Lidove Noviny features a report entitled " Gulags in the former Czechoslovakia: eighty thousand political prisoners". In the late 1940s and early 1950s there were over forty labour and concentration camps in the country, the largest of which could house 2,000 prisoners, the paper says. Official documents from the time say that only two political prisoners died in them, but given the conditions prisoners lived in and the brutality of their jailers that is highly unlikely Lidove Noviny writes. No one will ever know how many people the regime killed and today it is difficult to prove anything.

In this regard, Mlada Fronta Dnes says it is shameful that the trial of a former communist investigator who is accused of having tortured political prisoners in the late 1940s and early 1950s has dragged on for five years with no result. The defense attorney has good reason to procrastinate because with every passing year there are fewer and fewer witnesses of those terrible times, the paper notes.
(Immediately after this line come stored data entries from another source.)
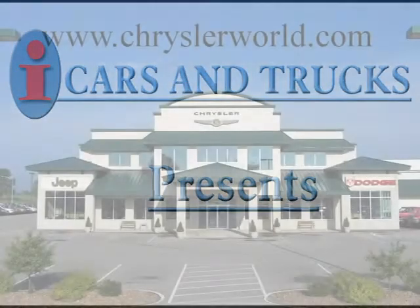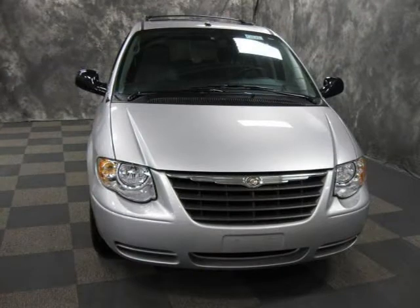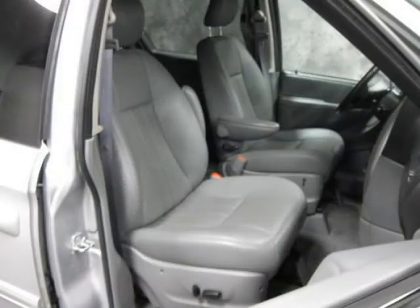This 2007 Chrysler Town & Country van is located in Abrams and has 24,785 miles on it. This van has a beautiful bright silver metallic exterior paint color, which is complemented by a matching interior color.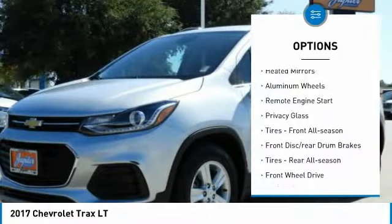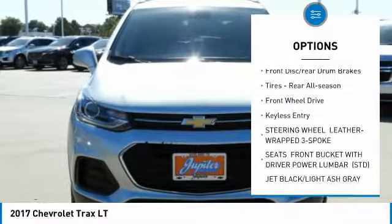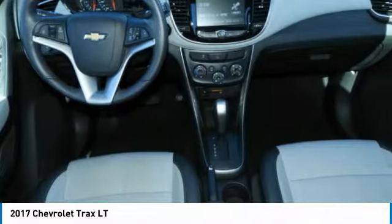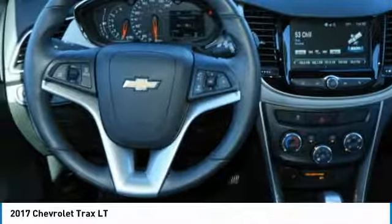Turbocharged, heated mirrors, aluminum wheels, remote engine start, privacy glass, front all-season tires, front disc and rear drum brakes, rear all-season tires, FWD, and keyless entry.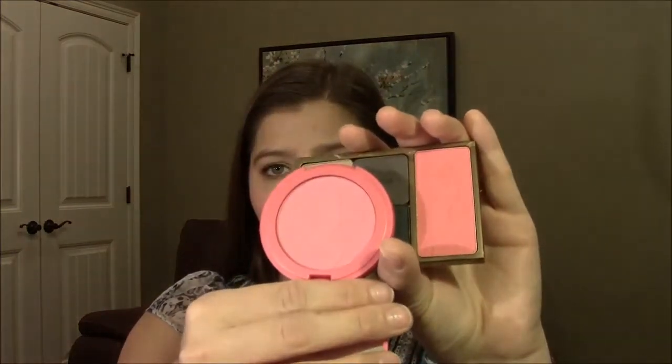I'll show Lighthearted side by side with Amused. Amused is a very bright, almost fuchsia pink. When you swatch them, Lighthearted goes on brighter, but when you sheer it out they come out looking pretty similar. So those are all the colors in the Gorgeous Getaway collection.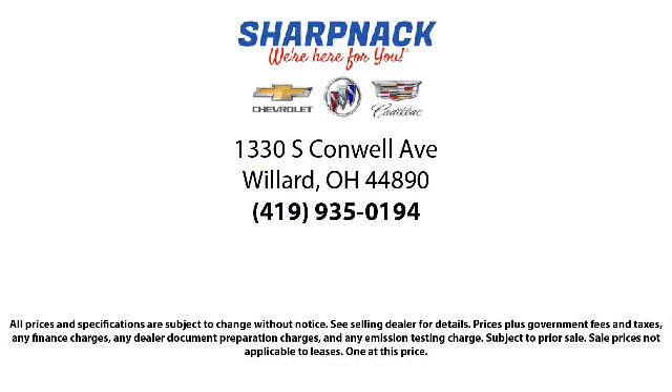So come see us today. We're located at 1330 South Conwell Avenue. Sharp Neck Chevrolet Buick Cadillac — we're here for you.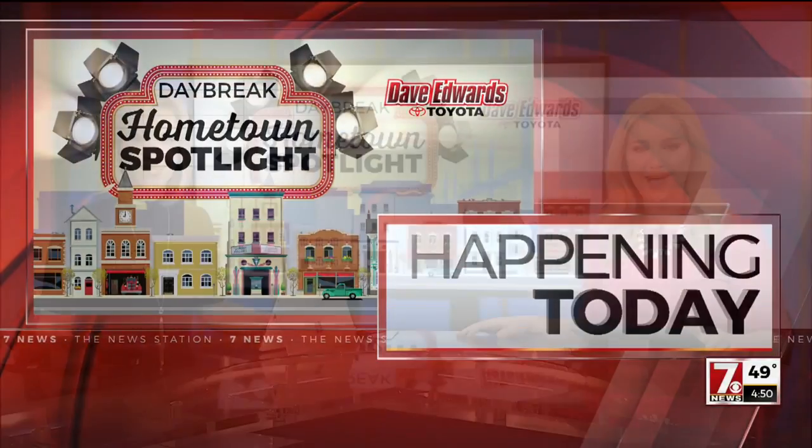It is time for Hometown Spotlight. Each week, 7 News' Christine Scarpelli and photographer Ryan head out to a new city in the Carolinas and find what makes these places so special. They're live now from Columbus. Christine Scarpelli got the folks up early once again. Hey, Christine.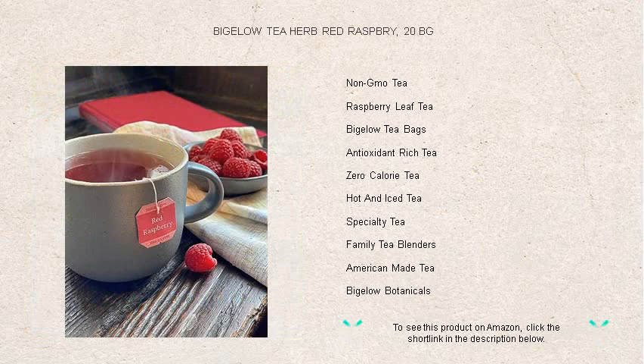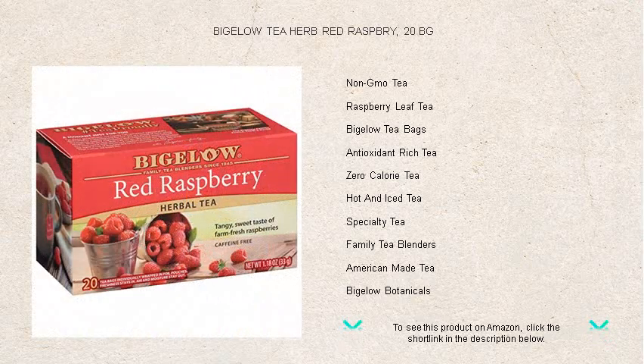Embrace the harmony of flavor and wellness and make Bigelow's Red Raspberry your comforting companion at home, work, or on the go. Taste the joy in every cup.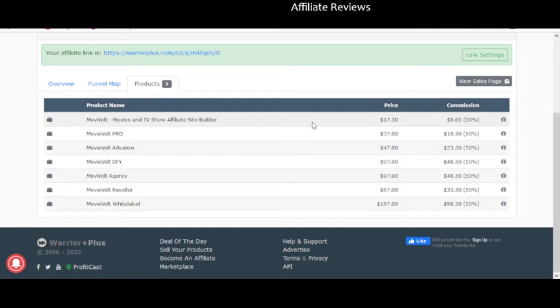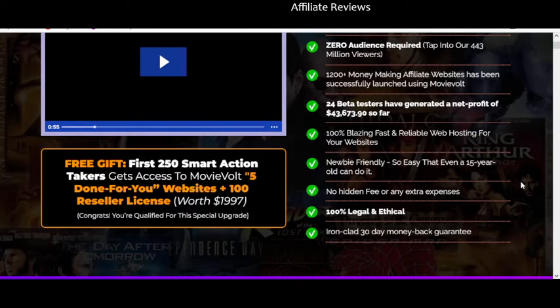Legal and ethical? Well, yes and no. It's not creating original content — what you're doing is scooping content from other places. Unless someone is writing all of these articles for mass production — and there are places that do this, like PLR (private label rights), where people write articles basically for syndication. There is an ironclad 30-day money-back guarantee, which is probably the one thing that is valid on this sales page, because if you purchase through Warrior Plus, they hold the money for 30 days and will make sure you get your money back — not because of the vendor, but because of Warrior Plus.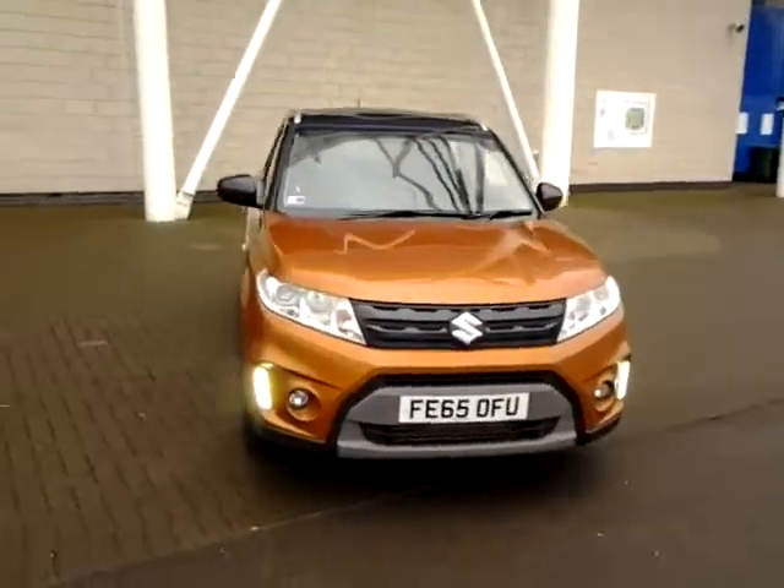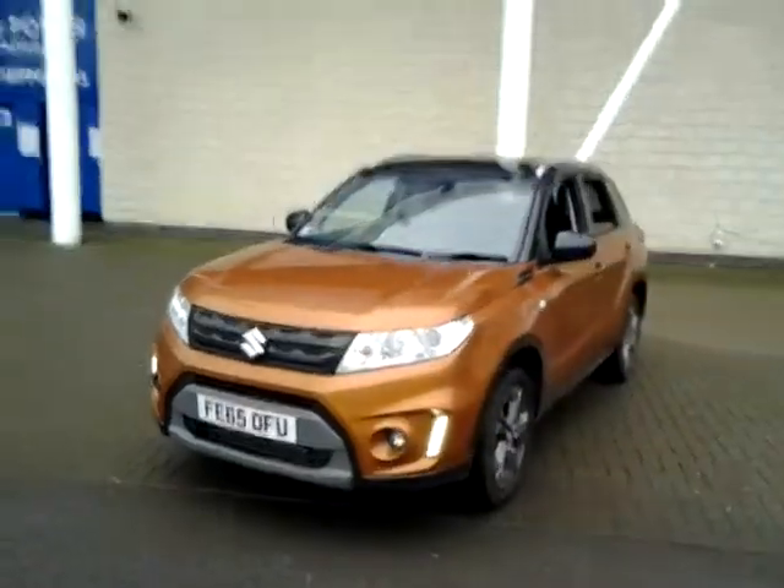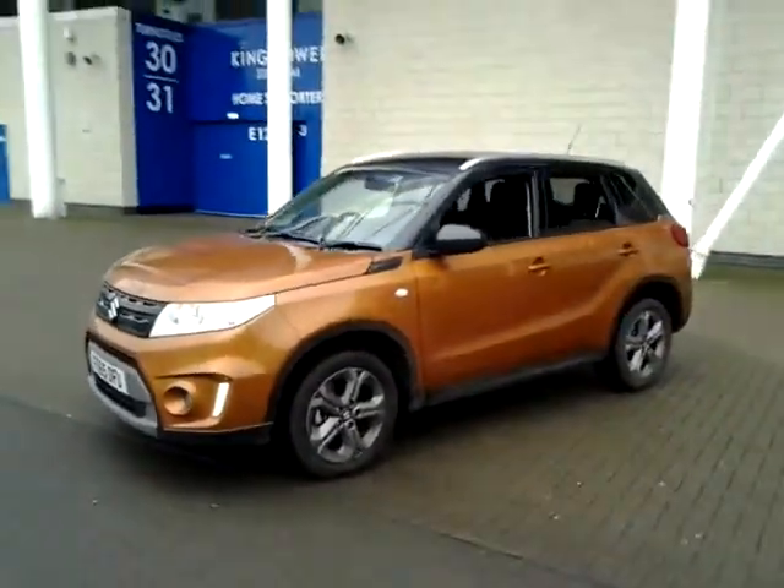Welcome to Sturgis of Leicester. Today we're looking at this 2015 65-plate Suzuki Vitara. This is a 1.6 DDIS SZ5.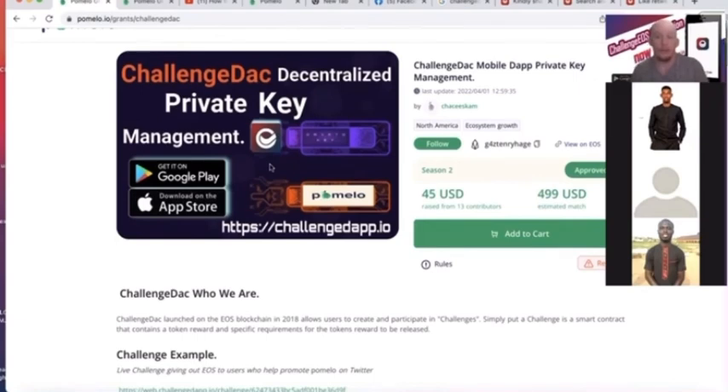So we have some really good private key mobile code that we want to audit and release to the community.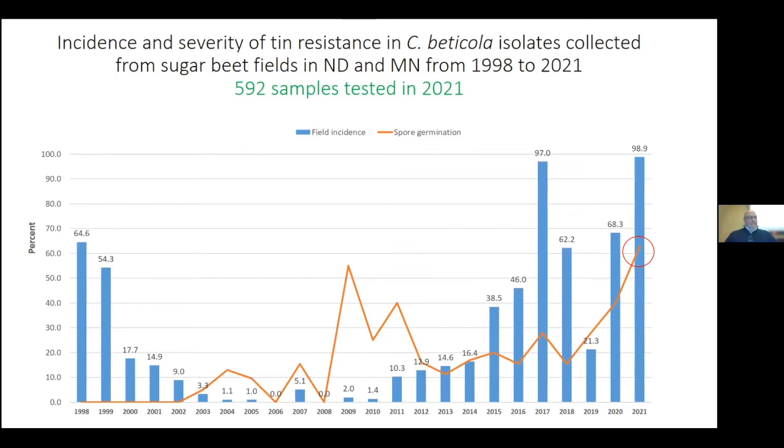This last year Gary and his team did 592 Cercospora samples — just shy of half of what they consider normal for any year. The reason was the COVID supply chain, specifically specialized plastics; they could not get Petri dishes, pipette tips, and other specialized items. So they asked all the cooperatives to scale back. What you're looking at on the graph is field incidence in the blue bars — the number of fields with resistant isolates — and the spore germination of those isolates. This is population-based data.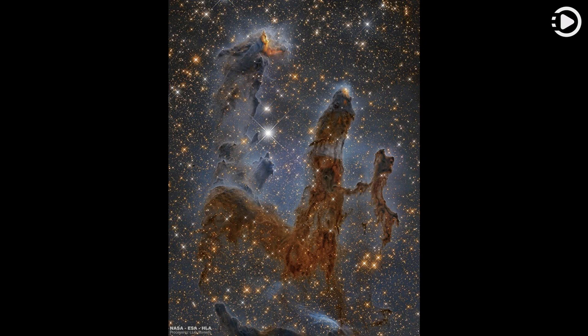This image, taken with the Hubble Space Telescope in near-infrared light, allows the viewer to see through much of the thick dust that makes the pillars opaque in visible light. The giant structures are light years in length and dubbed informally the Pillars of Creation.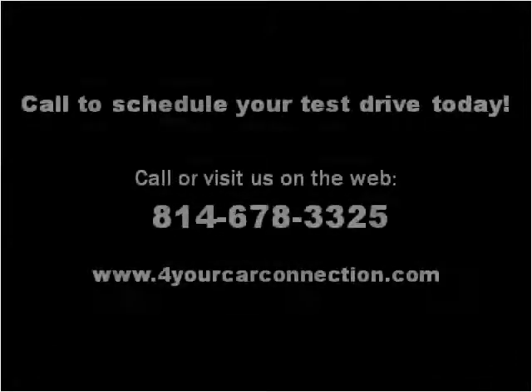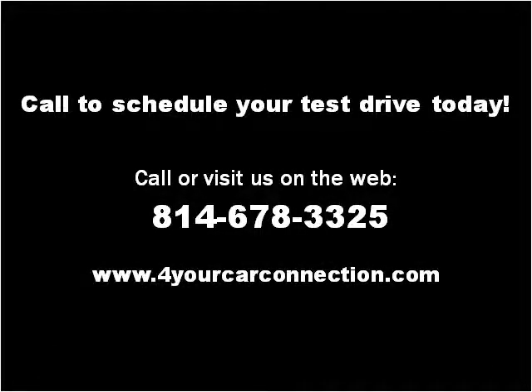Please visit our website at ForYourCarConnection.com. Thank you.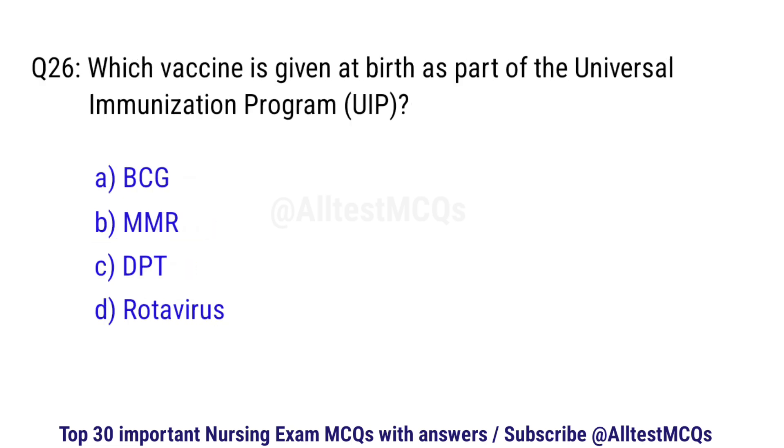Question number 26. Which vaccine is given at birth as part of the universal immunization program? The correct option is A: BCG.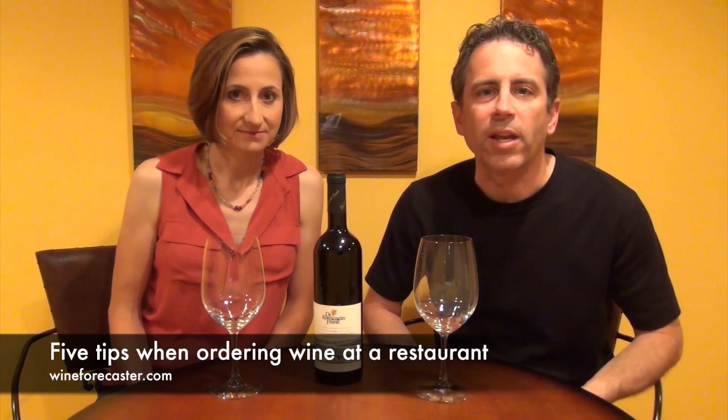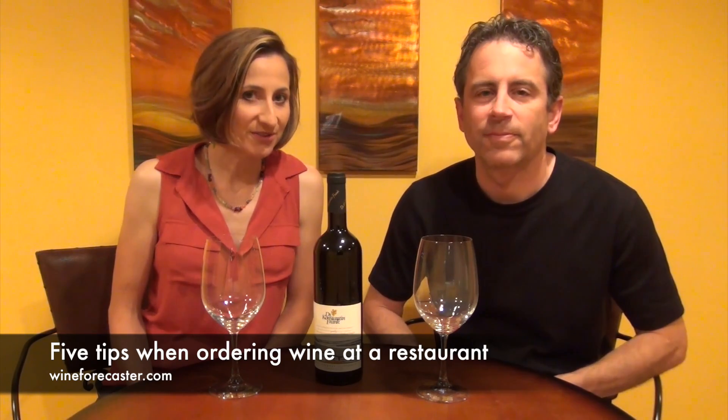How are you when it comes to ordering wine when you're out for dinner? Are you nervous? Are you intimidated? Are you not sure how to behave? Here are five tips we've come up with that might help you when you go out to a restaurant and you need to order a bottle of wine.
Both Pravo and Lidove Noviny have devoted plenty of space to the state of the Czech health sector following the news that the Czech government has approved a new health reform plan which is to be implemented over the next three years. Health minister Marie Souckova says she would like patients to be able to chose their physician and to be better informed about their treatment.

The president of the Czech Medical Chamber David Rath has told Pravo that although on paper the planned reform looks fine, it will very hard to implement in practice unless it is backed by the badly needed finances. Everything boils down to money, Rath says. The Chamber also advises doctors to be more communicative with their patients, he points out, but the bottom line is that waiting rooms are overcrowded, doctors are overworked and they have, on average, five minutes for one patient.

In an interview for Lidove Noviny, Pavel Pavko, the surgeon who operated on President Havel, says that a reform of the health sector is long overdue. People in this country are free only if they are healthy, says Pavko. Those who fall ill find themselves trapped in the wheels of a giant machine which frequently has no time or consideration for human dignity. Mr. Pavko also believes that a change in financing would help - starting with a better definition of "free of charge, standard care" - and what is above standard and should be covered by the patient.